- Whether a Developer may Request Conditional Approval of Environmental Impact Assessment Based on the Environmental Protection Strategies Whose Efficacy Only can be Proved After Operation Commences
- September 11, 2015
- Law Firm: Lee Tsai Partners Attorneys-at-Law - Taipei Office
- Article 10 of the Amendments to the Constitution of the ROC specifically provides that the development of economics, science and technologies shall be balanced with the protection of environment and ecology. Accordingly, environmental impact assessment (the "EIS") is always a difficult issue faced by enterprises conducting development planning and the competent authorities. The latter are often charged with the responsibilities of both economic development and environmental protection. A while ago, some EIS authority ruled that the environmental impact statement prepared by a developer was "conditionally approved" without any need to conduct the second stage of EIS in accordance with Article 43 of the Enforcement Rules of Environmental Impact Assessment Act. However, a series of decisions have been rendered by the Taipei High Administrative Court recently to impose restrictions on the "conditional approval" of EIS under Article 43 of the Enforcement Rules. Although the EIS authority involved in these specific cases may appeal to the Supreme Administrative Court. This essay summarizes the gist of the 100-Su-1162 Decision, rendered by the Taipei High Administrative Court, as follows.
First, the legal background is that the development by an enterprise is required to go through a review procedure involving two stages of EIS. In the first stage, the impact analysis proposed by the developer is reviewed in writing to assess if the development will potentially have major impact on the environment. The public participation does not commence until the second stage review. Regardless of which stage of the development is approved, the proceeding of the developments and the subsequent use after their completion should be tracked and supervised by the competent authorities of the implementation status of the EIS approval. However, even if the competent authorities may conduct follow-ups afterwards, the court ruled as follows. If whether the strategies or executive conditions pertained by a developer can eliminate the "the likelihood of material environmental impact" from the development, only can be examine and verified afterwards. Such unpredictable executive conditions for exempting the second stage EIS are illegal.

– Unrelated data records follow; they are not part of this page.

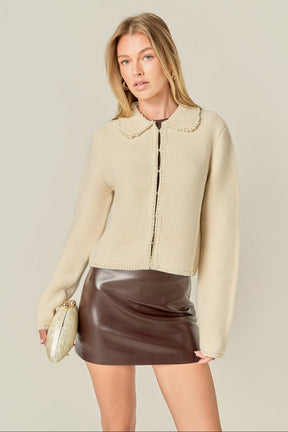 ENGLISH FACTORY - Pearl Knit Cardigan - SWEATERS & KNITS available at Objectrare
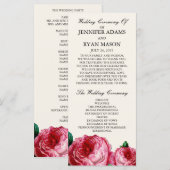 Vintage Rose | Hochzeitsprogramm-Ständerkarte Programm (Vorne/Hinten)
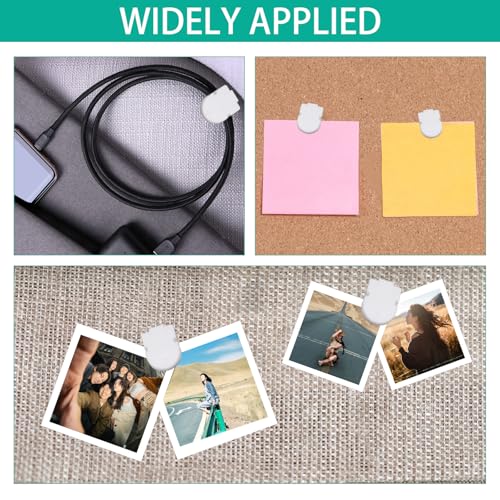 Image of 16pcs Cubicle Clips for Fabric Walls, Plastic Cubicle Hook, Push Pin Picture Hangers Panel Wall Clips for Hanging Photos Office Notes Memos Messages Frame (White)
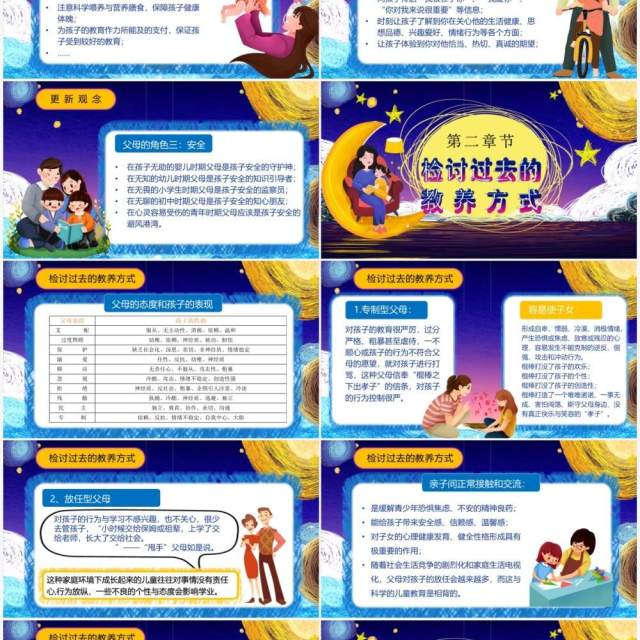 蓝紫卡通风怎么样使孩子更优秀PPT模板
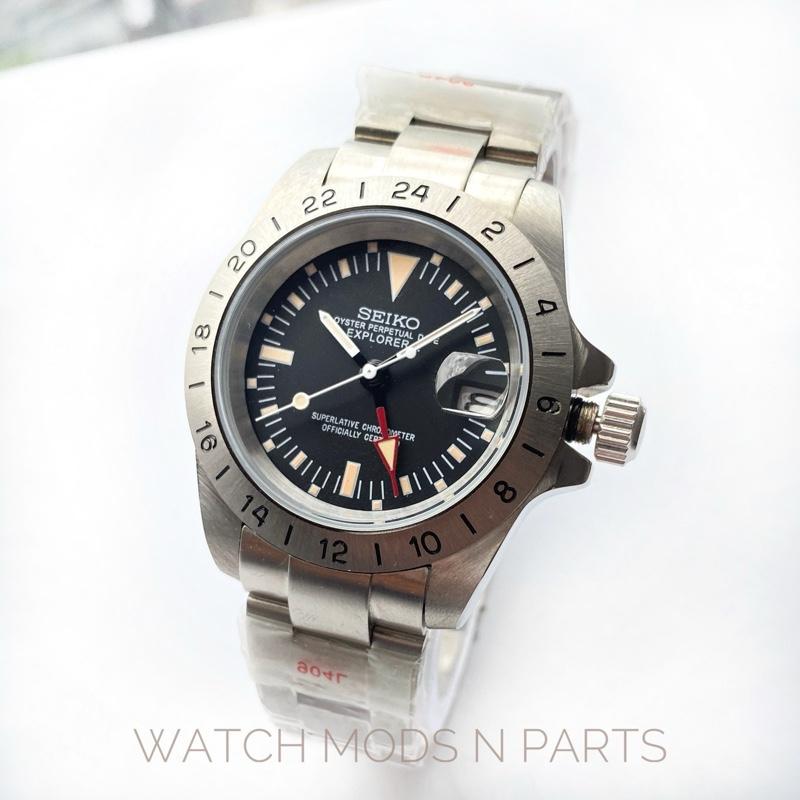 WMNP Exclusive Seiko mod vintage 39mm explorer 2. Dengan Seiko Movement Cal NH34 GMT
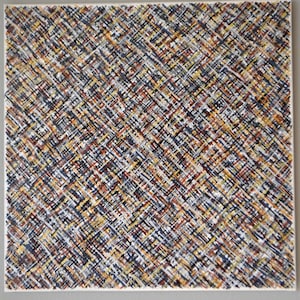 Neutral cross-hatched acrylic painting on 14x14 canvas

The court in this case held that in case of the "conditional approval" of EIS under Article 43 of the Enforcement Rules of the Environmental Impact Assessment Act, does not includes the "conditions" enumerated as "all kinds of relevant plans and current environmental circumstances within the scope of potential impact of development acts," "potential environmental impact that is expected from development acts" or "environmental protection strategies and alternative proposals," provided by Article 6 of the Environmental Impact Assessment Act, which shall be specified in the environmental impact statement, deliberated and reviewed in the first stage by the EIS committee. In short, the court held that statutory preconditions for approval shall not be replaced by executive conditions, because the administrative agency involved should conduct official investigation of the statutory preconditions before granting the approval. Such obligation may not be replaced or exempt by attaching executive conditions.

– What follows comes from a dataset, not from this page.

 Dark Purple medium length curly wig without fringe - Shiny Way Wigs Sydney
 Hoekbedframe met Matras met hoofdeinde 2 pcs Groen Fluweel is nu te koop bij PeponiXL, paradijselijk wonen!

The court in this case further held that the "executive conditions" attached by the EIS authority in this case only can be actually tested and supervised after the development completes and the operation commences. The court also mentioned that when the development has been completed and operated, even if the testing and inspection indicate that the executive conditions attached to the EIS approval are not met, nothing more than a fine can be imposed on the developer, and there is no way to order the developer to revoke its development. Accordingly, the court held that the approval made by the EIS authority in this case to conditionally approve the EIS of this development without entering into the second stage EIS would unduly deprive local residents of their participation in expressing their opinions and of their due process benefit. Therefore, the court ruled that approval of the EIS authority is revoked.

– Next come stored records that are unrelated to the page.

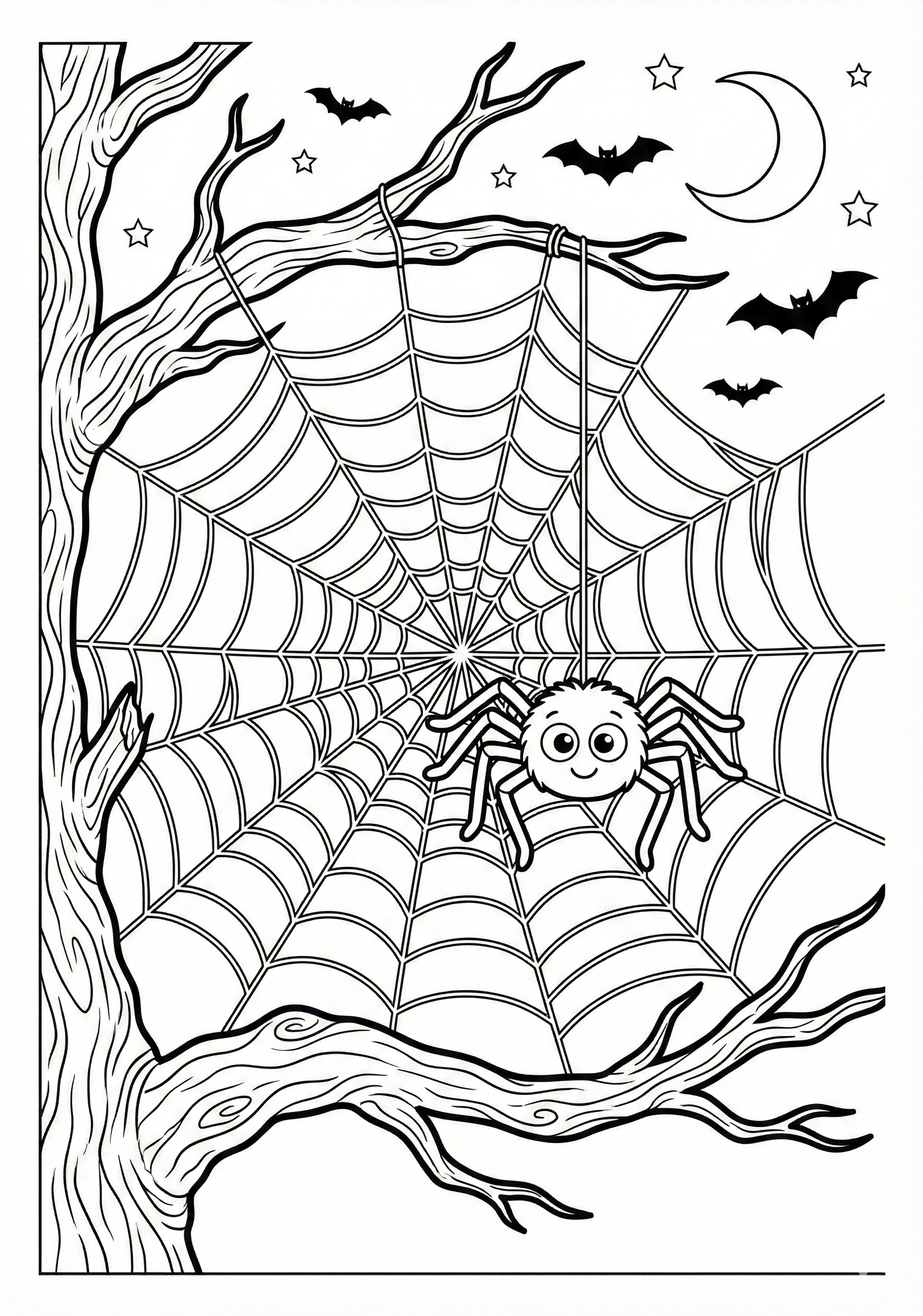 Spider web and spider Halloween coloring page for kids age 6-8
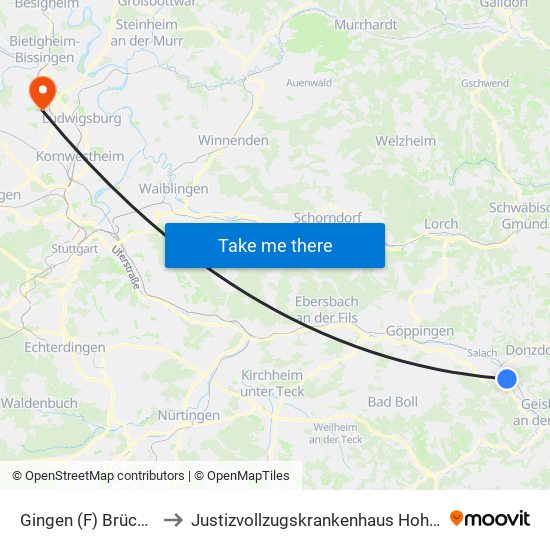 Gingen (F) Brückenstr. to Justizvollzugskrankenhaus Hohenasperg map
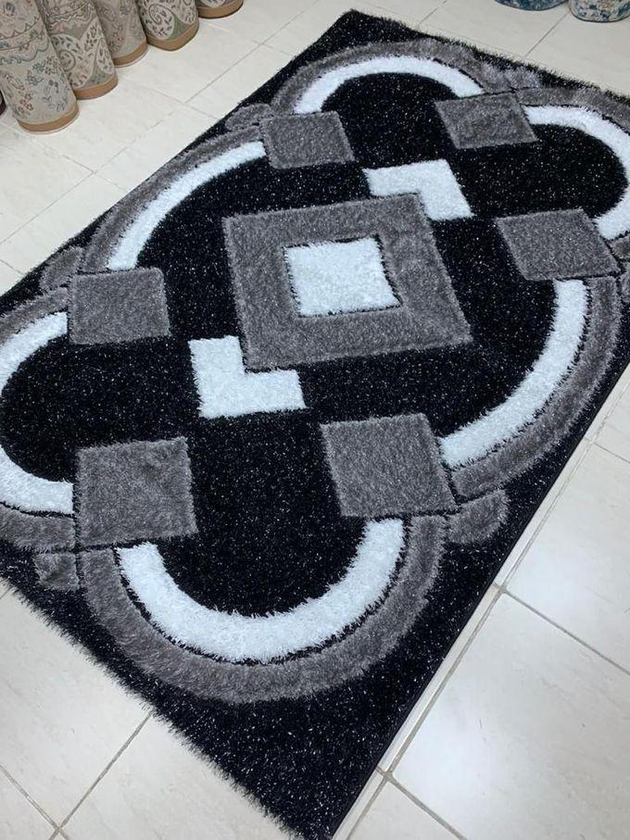 Black And White Turkish Expo Shaggy Centre Rug- 4by6ft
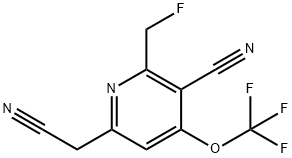 3-Cyano-2-(fluoromethyl)-4-(trifluoromethoxy)pyridine-6-acetonitrile Structure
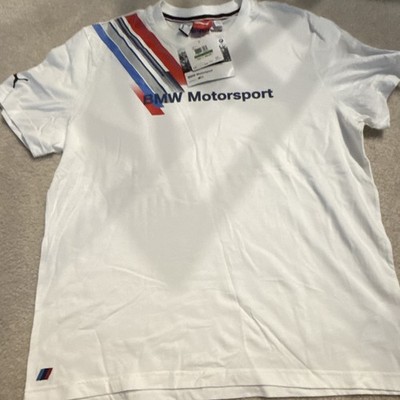 PUMA BMW Motorsport White Graphic Logo T-Shirt Cotton Crew Neck Short Sleeve L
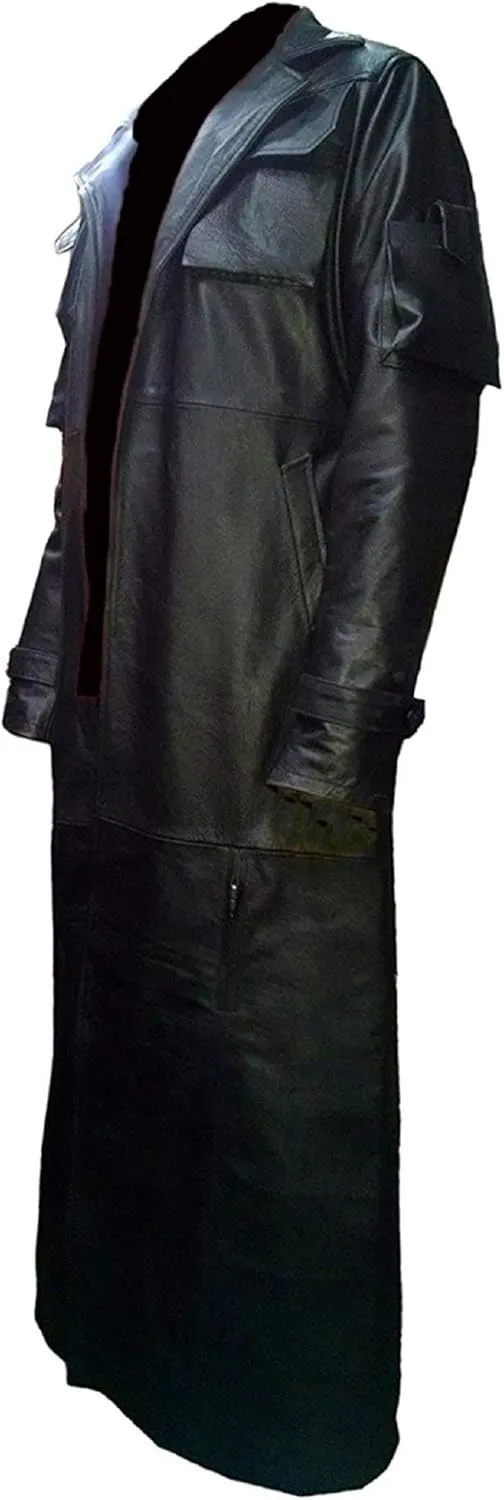 Mens Full-Length Long Trench Coat  Premium 100% Real Leather Double Breasted Overcoats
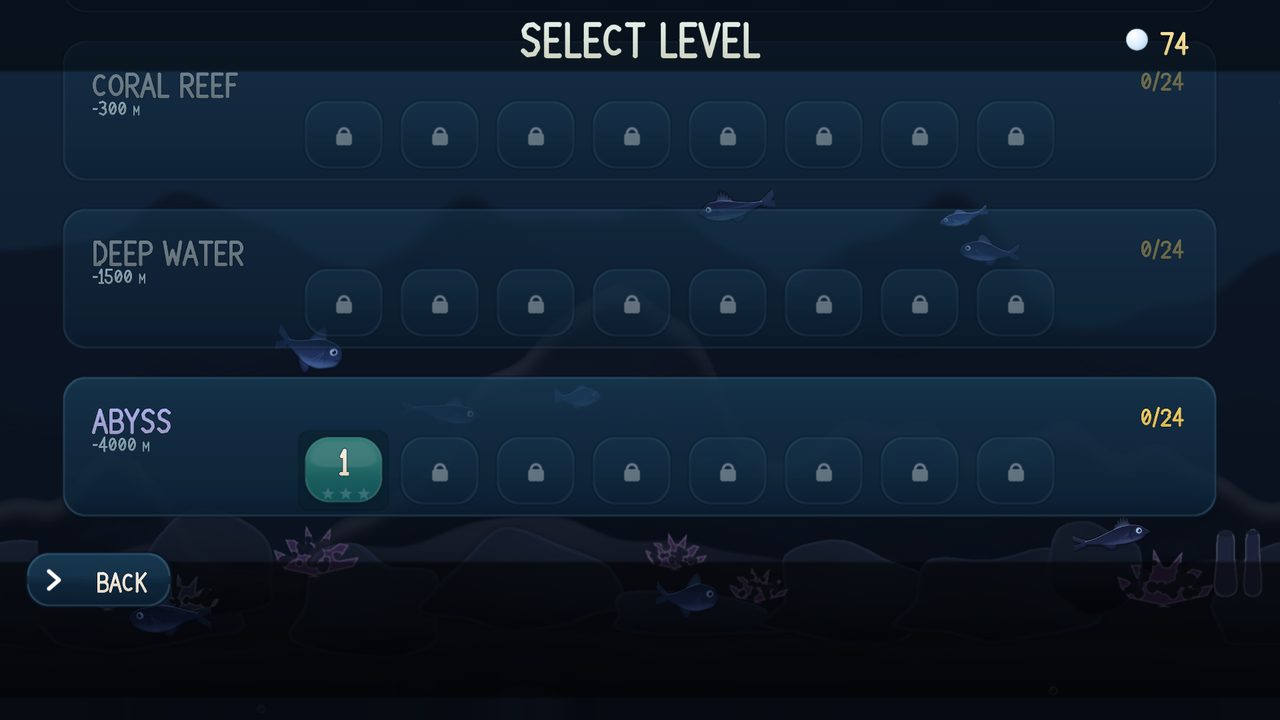 Level selection map with five ocean zones stacked vertically, eight levels each.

In the event that such decision is upheld by the Supreme Administrative Court, the impact on developers will lie in the requirement that a developer should explain in great detail to EIS authority about the environmental protection strategies and their efficacy in prevent and mitigating environmental impact in items such as "all kinds of relevant plans and current environmental circumstances within the scope of potential impact of development acts," "potential environmental impact that is expected from development acts" or "environmental protection strategies and alternative proposals" in the first stage of EIS. In addition, the efficacy of such strategies should be proved before the approval. It may become difficult to request the EIS authority to approve the development by "executive conditions" based on environmental strategy whose efficacy cannot be proved until operation commences.